*** Opening of INPUT DATA ***

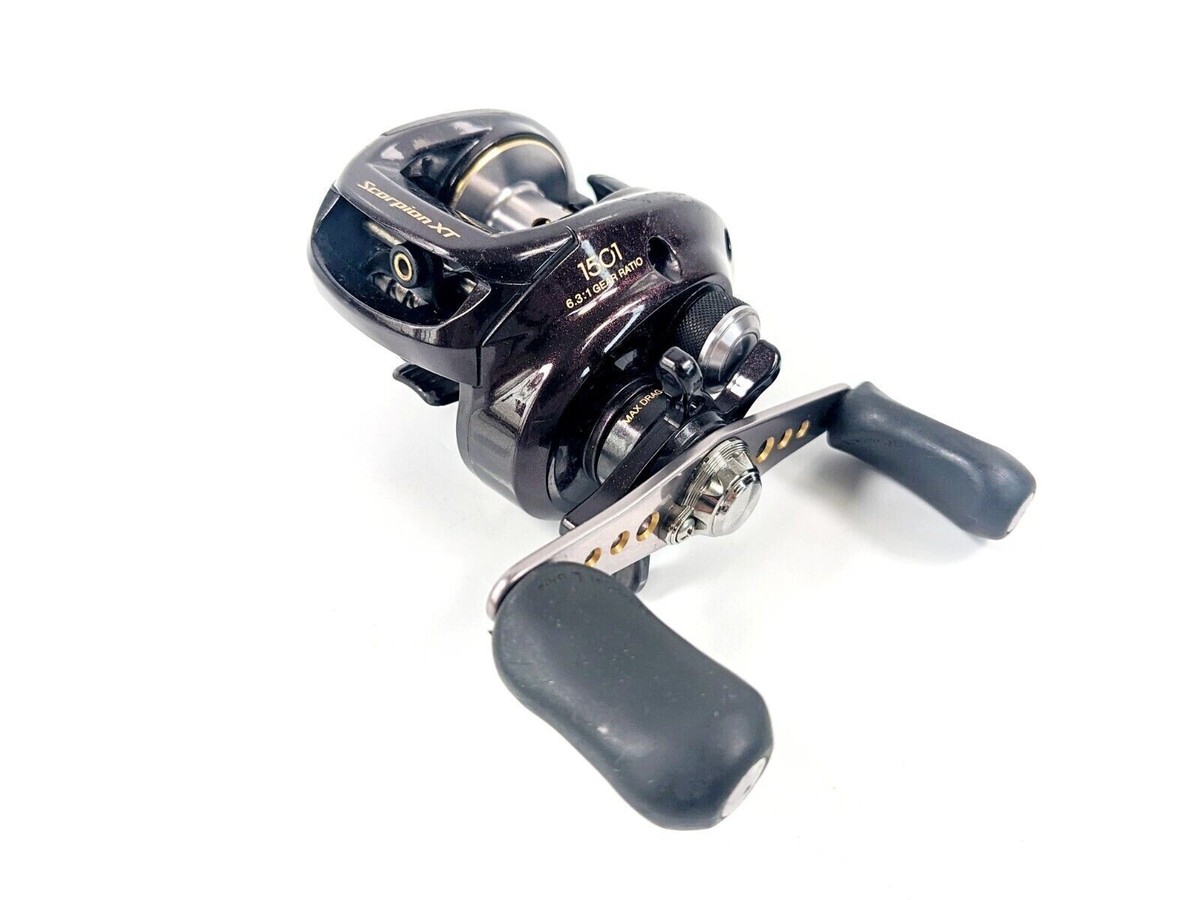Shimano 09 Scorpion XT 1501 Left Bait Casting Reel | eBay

*** Close of INPUT DATA ***
*** Opening of INPUT DATA ***

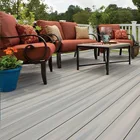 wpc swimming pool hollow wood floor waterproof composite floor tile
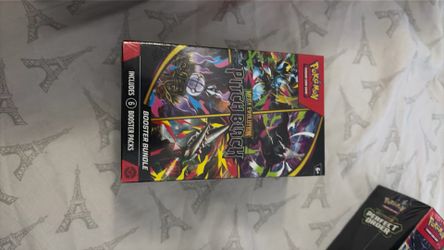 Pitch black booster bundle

*** Close of INPUT DATA ***

EXERCISE DETAILS. Return word for word the lines of the listing above, starting at the line with "wpc swimming pool" and ending at the line with "Pitch black booster bundle", both included. Pictures do not belong in the copy.

RESPONSE FOR THIS EXERCISE.
 wpc swimming pool hollow wood floor waterproof composite floor tile
 Pitch black booster bundle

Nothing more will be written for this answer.